It’s been a week of big events in the voting rights world, and I’ve been privileged enough to witness much of it first-hand. On Wednesday, the U.S. Supreme Court heard oral arguments in Shelby County v. Holder, a case challenging the constitutionality of Section 5 of the Voting Rights Act. Even Justice Samuel Alito has acknowledged that this law is “one of the most successful statutes that Congress passed in the 20th century and one could probably go farther than that.” And earlier in the week, a three-judge panel of North Carolina state judges heard oral arguments in the case challenging the constitutionality of the state legislative and congressional redistricting plans enacted by the General Assembly in 2011. Listening to discussion of the Voting Rights Act in both cases, I was struck by contrasts between the arguments advanced by lawyers for Republicans in the North Carolina case and what the conservative justices were concerned with the Shelby case.
Section 5 of the Voting Rights Act requires certain parts of the country (including 40 of North Carolina’s 100 counties) to get pre-approval before making any changes to voting laws, including redistricting plans. The differences are more than a little ironic.
For example, Justice Antonin Scalia railed, offensively to my ear, against “perpetual racial entitlements,” worrying that the Voting Rights Act might forever mandate that “certain districts … are black districts by law.”

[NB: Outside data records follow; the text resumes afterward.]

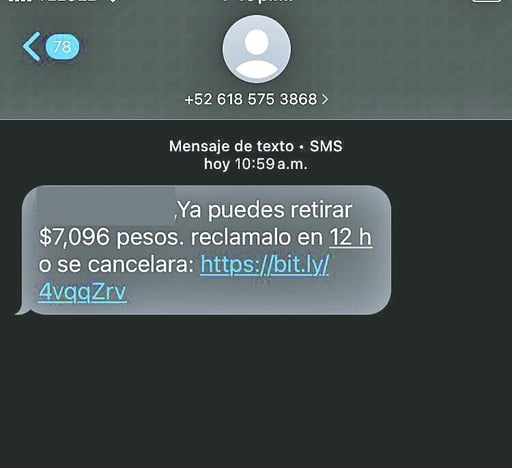 El modus operandi  por mensajes SMS que simulan devoluciones del SAT pone en riesgo datos personales y bancarios durante temporada fiscal.  En medio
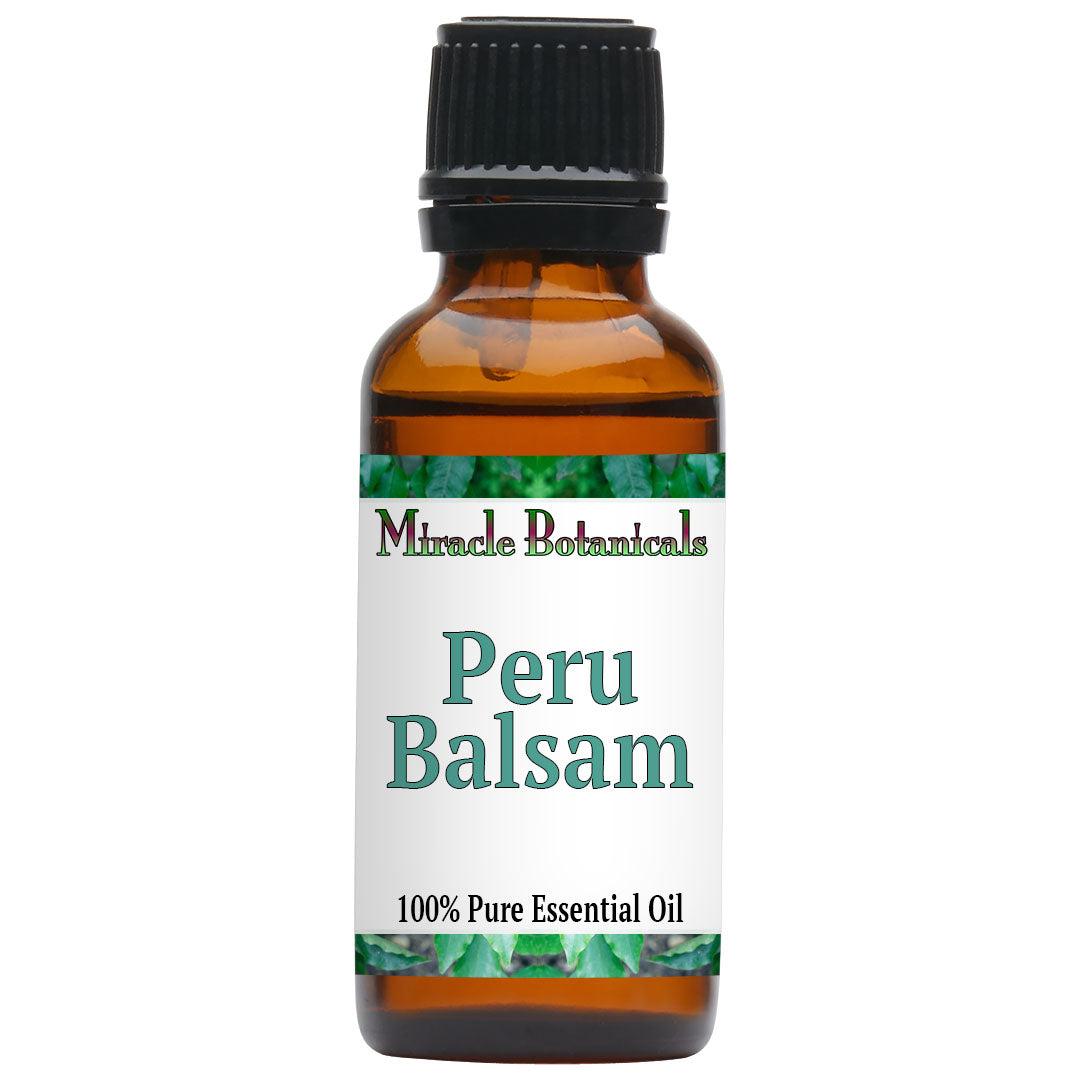 Peru Balsam Essential Oil (Myroxylon Pereirae) - Miracle Botanicals Essential Oils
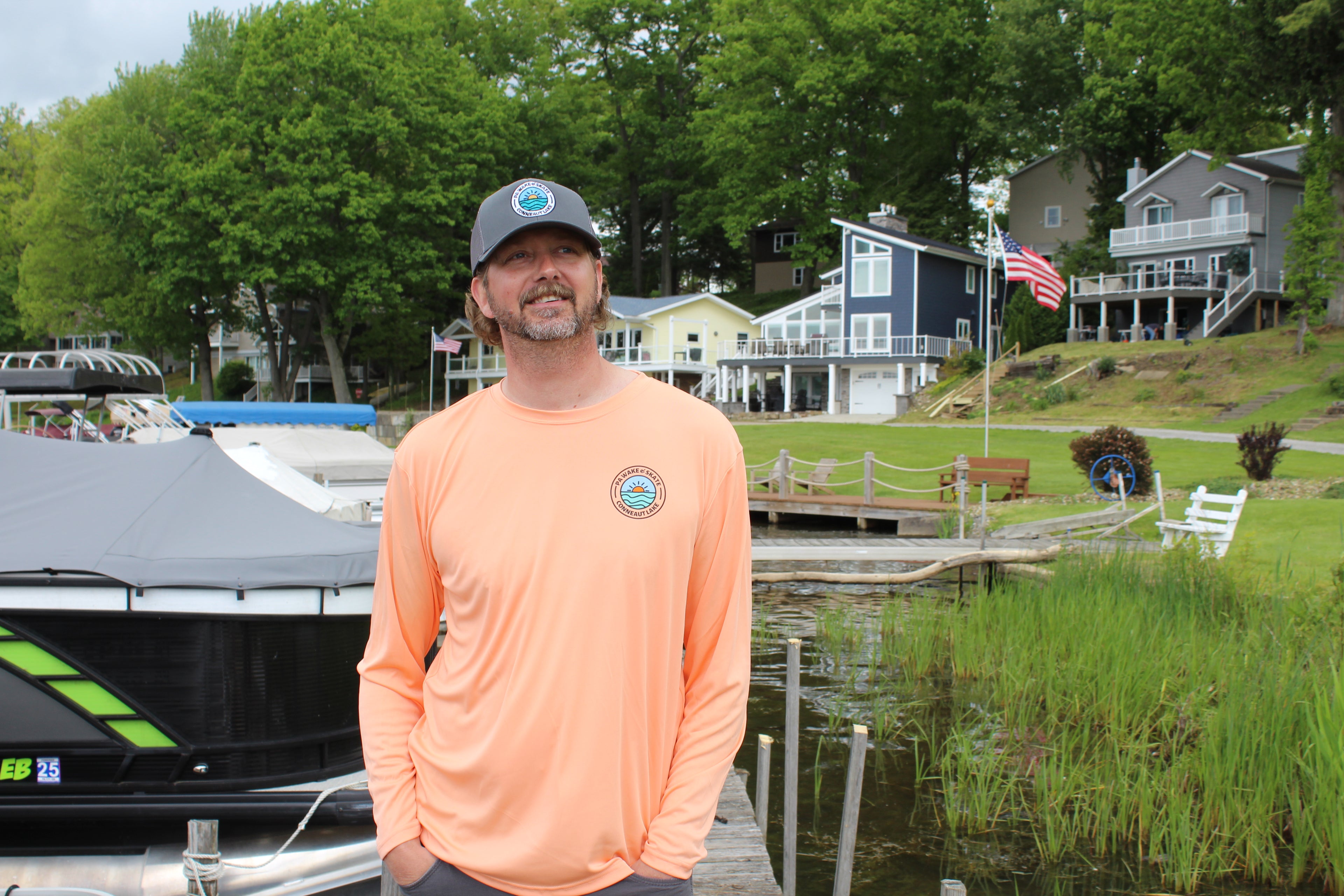 The WakeShield Long Sleeve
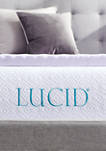 Dream Collection Lavender Zoned Mattress Topper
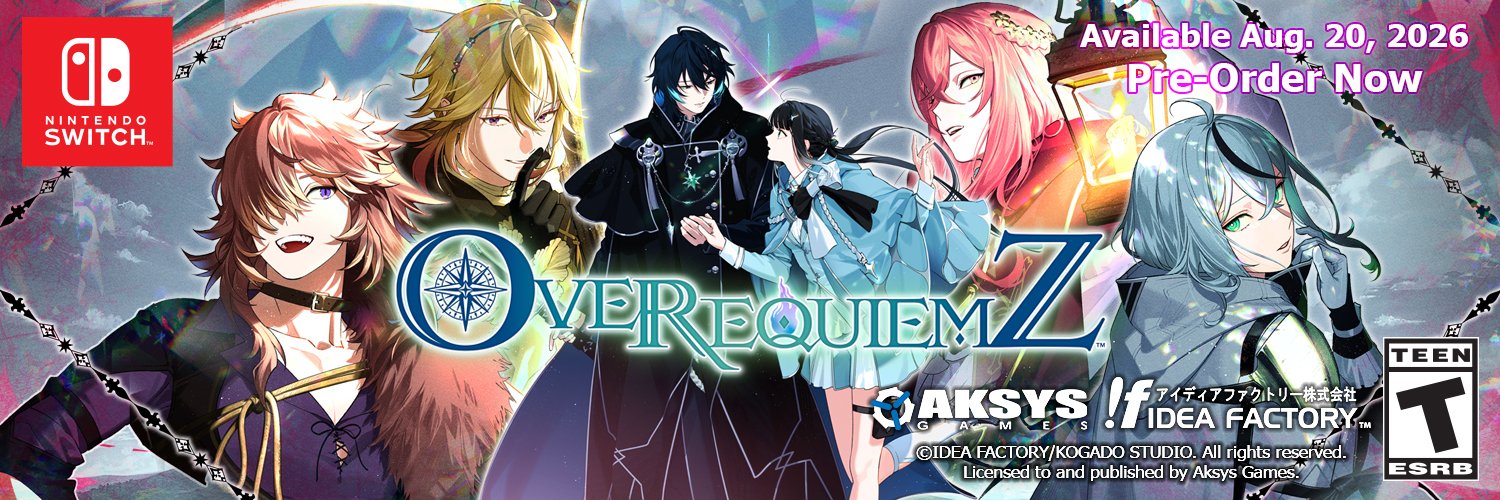 Aksys Games's banner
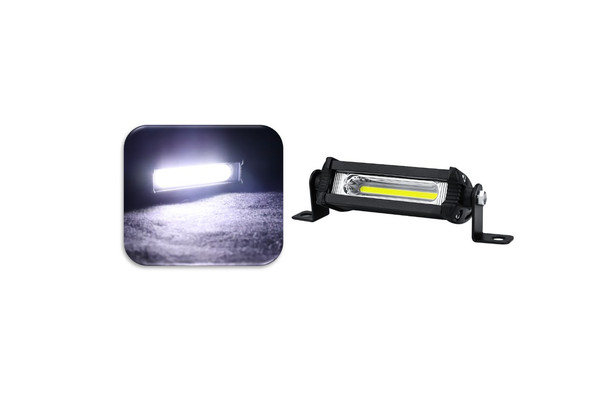 COB Light Bar Led Flood Beam Driving Fog Off Road Lights Boat 9000lm 9W COB Light Bar Led Flood Beam Driving Fog Off Road Lights Boat 9000lm 9W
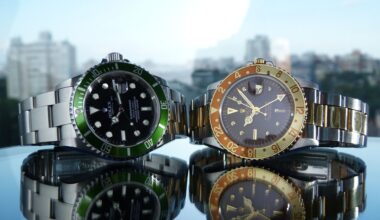 Rolex watches are sought after for its quality and trademark style.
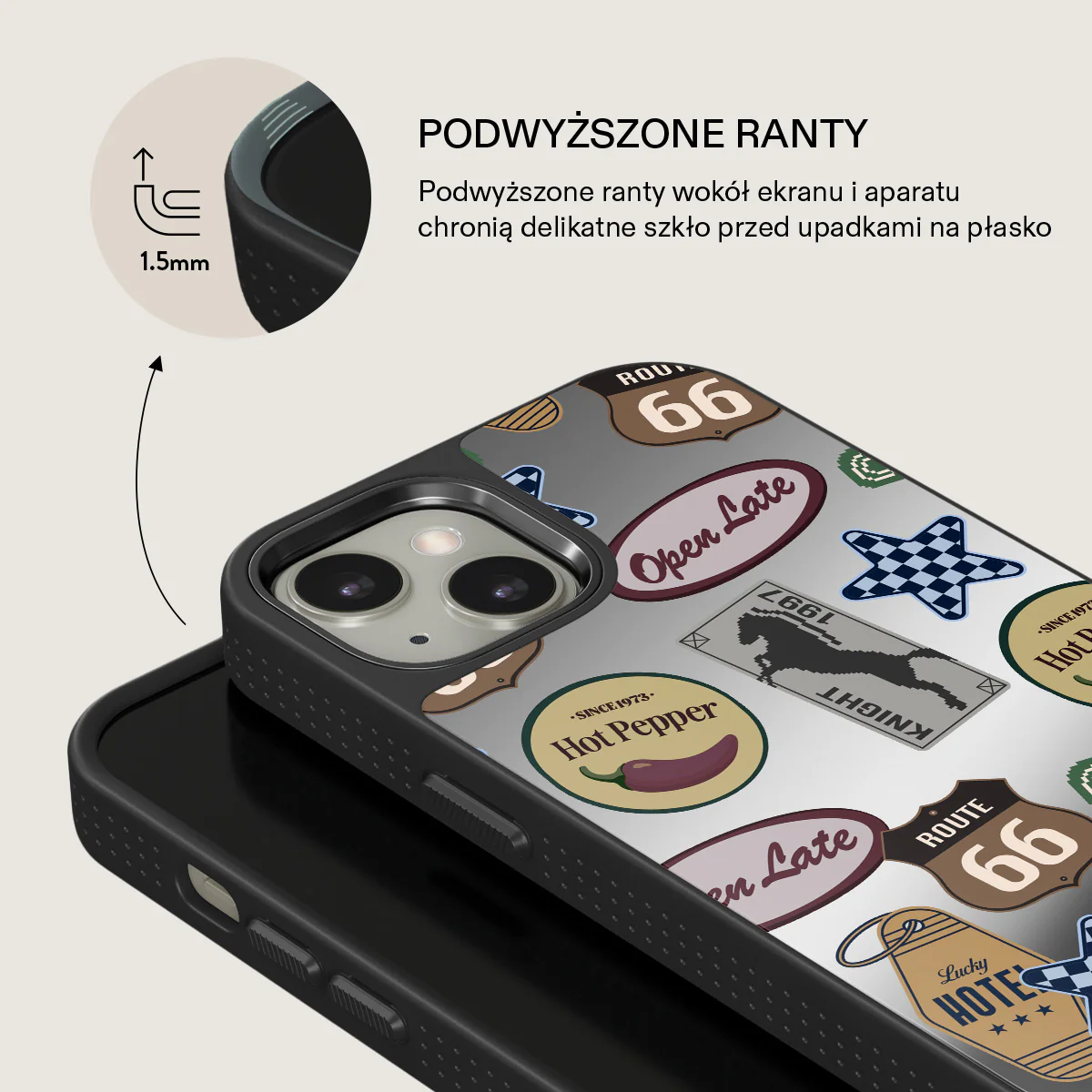 Open Late - iPhone 13 Etui - Image 31
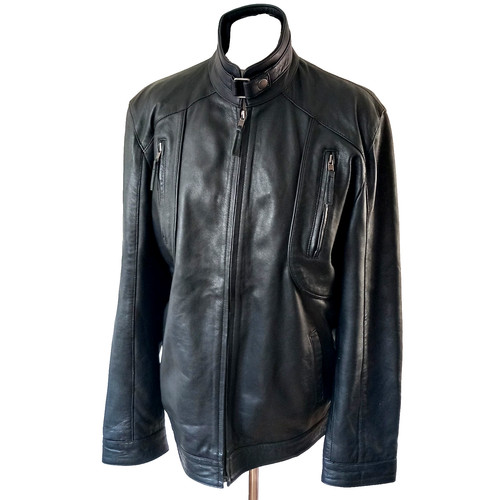 Lld cafe racer black - cafe, leather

But voters of color in North Carolina are the ones now fighting Scalia’s fight – they don’t want or need a map of just “black districts” and “white districts.” They consistently argued in favor of building on the progress they’ve made in creating successful multi-racial coalitions. They repeatedly asked Bob Rucho and David Lewis, Republican chairmen of state legislative committees on redistricting, not to be shoved into “black districts” when they’ve proven that black candidates can win in districts that are not majority black.
It’s the General Assembly’s 2011 maps that perfected the brand of racial entrenchment that Scalia finds distasteful.
Similarly, the Supreme Court conservatives posed sharp questions about the need for Congress to develop evidence that established the specific record of racial discrimination in each state subject to Section 5. They suggested that it was important not to lump states together in assessing whether a voting rights remedy remained necessary.